The 43-year-old presumed killer of nine people in two shisha bars in the southwestern town of Hanau late on Wednesday had posted the document, espousing conspiracy theories and deeply racist views, online.
The suspect, who is believed to have killed himself and his mother after the shootings, belonged to a gun club, raising questions as to how a man with such ideological convictions managed to gain membership and obtain the weapons he used.
“We need new and stricter laws to regularly and thoroughly check owners of hunting and firearm licenses,” Bild – Germany’s biggest-selling newspaper – wrote on its front page. “We immediately need more (intelligence) positions to monitor right-wing radicals and intervene before it’s too late.”
Interior Minister Horst Seehofer later told Bild that the government would initiate reforms to intensify checks on gun owners. “This is not only about the question of whether someone has properly stored his weapon or kept the ammunition separate from it – it must also be about very personal matters,” he said.
The ministry subsequently said in a statement that it was looking at making such checks in cases where gun owners were conspicuous to the authorities, and that across-the-board psychiatric tests would not be introduced.
Federal Prosecutor General Peter Frank said on Friday that the suspect had a license for two weapons, and it remained unclear whether he had contacts with other far-right sympathizers at home or abroad.
Frank added that the gunman had sent a letter to prosecutors in November complaining about an unknown intelligence agency with powers to control people’s thoughts and actions.
“The letter did not include his racist calls for the extermination of certain peoples,” Frank told a news conference. “We did not launch an investigation based on the letter, which later appeared in the gunman’s racist manifesto.”
German media speculated that the gunman may have suffered from mental illness.
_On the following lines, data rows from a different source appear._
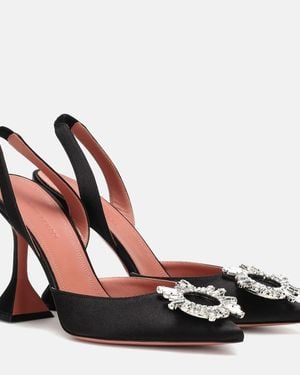 AMINA MUADDI Begum Satin Slingback Court Shoes - Brown
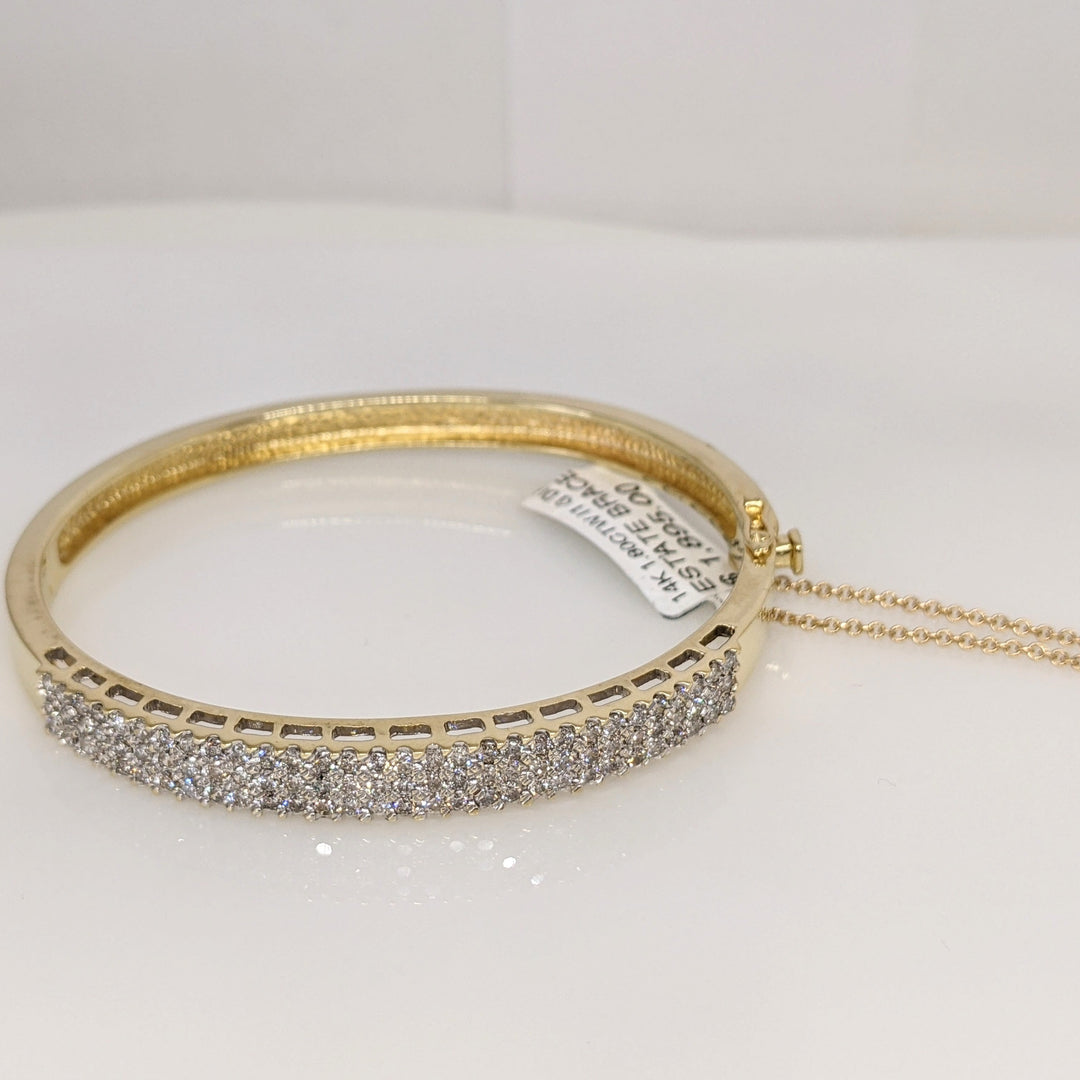 14K 1.80 CARAT TOTAL WEIGHT I1 G DIAMOND ROUND (90) ESTATE BANGLE BRACELET 20.7 GRAMS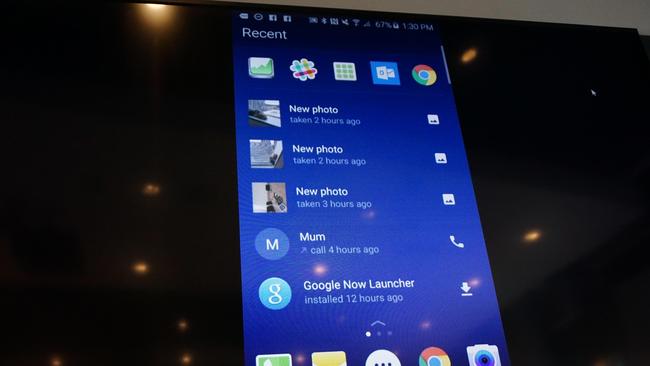 Recent activities, part of Microsoft's new Android launcher.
Joerg Meuthen, a senior member of the right-wing Alternative for Germany (AfD), tweeted: “He should have been in a psychiatric ward! Instead, they want to blame us for it.”
Michael Roth, Germany’s State Secretary for Europe, called the AfD “the political arm of right-wing terrorism” after the shooting spree.
In October, Chancellor Angela Merkel’s government outlawed the sale of guns to members of extremist groups monitored by security agencies and obliged online platforms to inform police about hate content.
Those measures followed the killing of a pro-immigration German politician in June and an attack four months later on a synagogue and a kebab shop in Halle by an anti-Semitic gunman who livestreamed his actions.
At least five of the Hanau victims were Turkish nationals, Ankara’s ambassador to Berlin said on Thursday. His government demanded a robust response, calls echoed by representatives of Germany’s large Kurdish community.
BETTER LAWS, OR BETTER CITIZENS?
Seehofer, leader of the Bavarian CSU, the sister party to Merkel’s CDU, said security forces had had successes in preventing hate crime, citing this month’s arrest of a far-right group accused of planning attacks against minorities.
But the threat from right-wing extremism, anti-Semitism and racism remained “very high” and existing laws needed to be enforced more robustly, he said.
Germany already has one of the lowest rates of death by firearms of any country. One member of Merkel’s CDU questioned what more could be gained by additional legislation.
“It will remain difficult to identify people who radicalize themselves in isolation and become lone perpetrators,” lawmaker Mathias Middelberg told the Deutschlandfunk public radio.
For others, the killings are rooted in deeper social issues that need to be tackled at source.
“Actions by the state are not enough. Each of us has a responsibility,” the chief editor of daily Sueddeutsche Zeitung wrote in a commentary.
“That begins with bad jokes and doesn’t just end with an unquestioning acceptance of everyday racism. We need to clearly call out such things for what they are.”